March 1st at India Gate, a beautiful Sunday afternoon. The temperatures are supposed to rise twice this week above one hundred, but today it was pleasant, with a nice breeze and plenty of sun (always plenty of sun). India Gate, two long city blocks away from our house, is located in the heart of New Delhi, and is as close to the National Mall in D.C. as anything in Delhi gets (so far as we know). The "mall" stretches from the India Gate, a large arch (like the Arc De' Triomphe in Paris and its doppelganger in NYC) to Indian Parliament and along the way are stretches of green space, large trees, and waves of hawking vendors. Below the arch is an eternal flame...dangerous, really, considering how thick the stench of sewage can occasionally get around India Gate. Not today though, at least not much of it...the breeze saw to that...the sweet, merciful breeze.

We found a nice spot of shade near the "reflecting pool," spread a blanket, and set about repelling the hundred or so beggars, chip vendors, and balloon salesman working the area.
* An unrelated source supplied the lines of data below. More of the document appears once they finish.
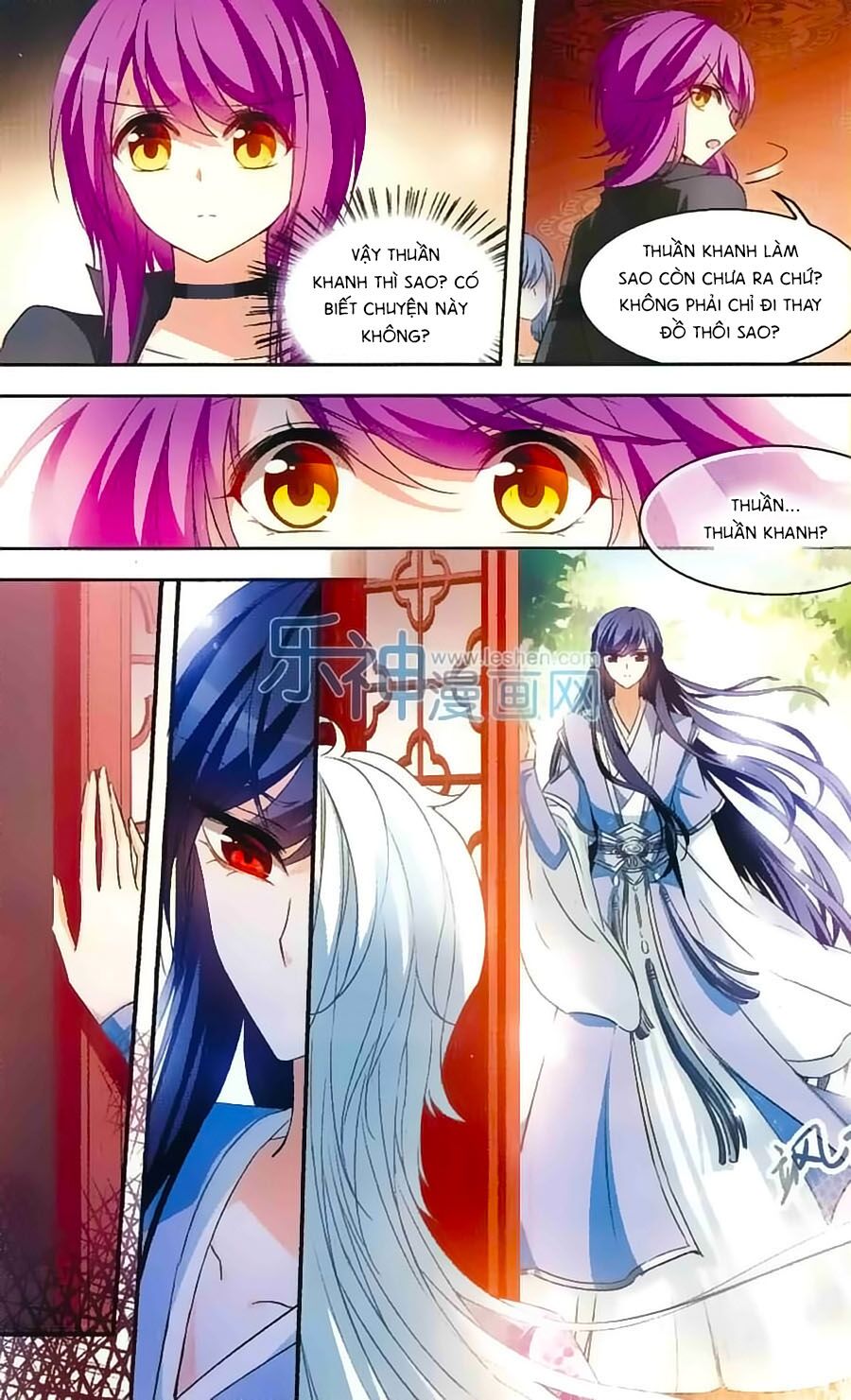thiên giáng hiền thục nam (full) chapter 103 9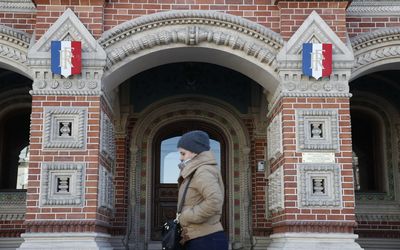 Russia expels 85 diplomats from France, Spain and Italy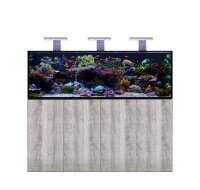 D-D AQUA-Pro Reef 1800 Metal Frame Driftwood Concrete...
(You, the reader, may occasionally find our (read: my) responses to the countless beggars and the poor as being callous...you might be right, but you're also not here. Upon arriving in India I thought how could I not help, how could I not give even one rupee...well, to continue with the callousness, allow me to paint a picture. A cow... thirsty, very thirsty and very hot, finds itself standing before a river in South America...the cow thinks "Me thirsty, me hot, me wade into water...drink and cool. Awesome" (The cow is a big fan of Tarzan). The cow slinks into the water...it drinks, it cools itself in the river. Then, the cow MOOs loudly in response to a sharp pain in its hind quarter...then another, then another...soon, blood in the water, lots of blood....the cow thrashes, tries to make it to the riverbank. It's too late...the cow's legs have been eaten away from under it. The piranhas have swarmed. They have their meal. The cow now sinks below the water. The piranhas have won...Ergo, one rupee to one beggar equals a nibble to a lone piranha...callous, perhaps, sad, definitely...but true nonetheless.)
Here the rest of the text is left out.